La pérdida del espécimen, una hembra adulta de unos 40 kilos, ultimaba el intento por reubicar en un santuario a tantas como pudieran para evitar su extinción. Rojas, quien ha dedicado su vida a estudiar a esta marsopa que sólo habita en el mexicano Mar de Cortés, en el Alto Golfo de California, había atestiguado cómo su población disminuía: de más de 500 en 1997 a 60 en 2015 y menos de 20 en 2018.
Pese a sus esfuerzos, las vaquitas seguían muriendo en las redes de pesca ilegal de totoaba (Totoaba macdonaldi), un pez absurdamente codiciado en China y Hong Kong con el que tienen la desgracia de compartir hogar y tamaño: ni la creación de una zona de exclusión de redes de enmalle, ni la presencia permanente de la armada para alejar a los pescadores de totoaba habían funcionado. Con cada vaquita enmallada fenecía la posibilidad de recuperar a la especie.
Cuando el monitoreo acústico mostró una caída del 50% de la población en 2016 —los especialistas lo describieron como “una disminución catastrófica”—, Lorenzo vio en el semicautiverio la única opción para salvarlas. “Era una medida desesperada”, reconoce.
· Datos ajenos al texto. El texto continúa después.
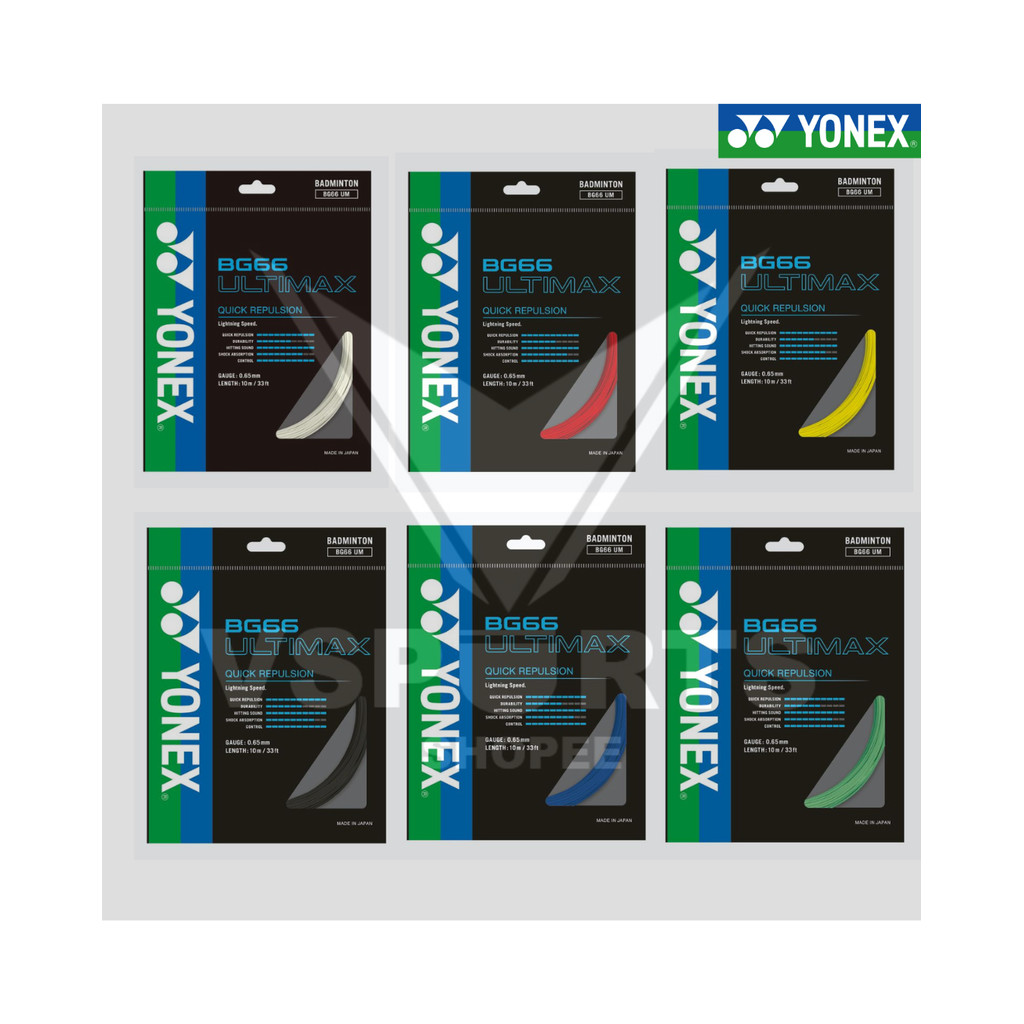 โจมตี YONEX Badminton BG66 ULTIMAX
El rescate, que involucró a unos 90 especialistas de nueve países así como cinco millones de dólares y un escuadrón de delfines de la Armada de Estados Unidos, consistía en trasladar a estos tímidos animales a un encierro marino protegido. Nunca antes se había atrapado a una vaquita viva. De naturaleza críptica, prefieren las aguas turbias y sólo atisbarlas ya es una proeza. Por ello los rescatistas no cabían de la alegría cuando capturaron al primer espécimen.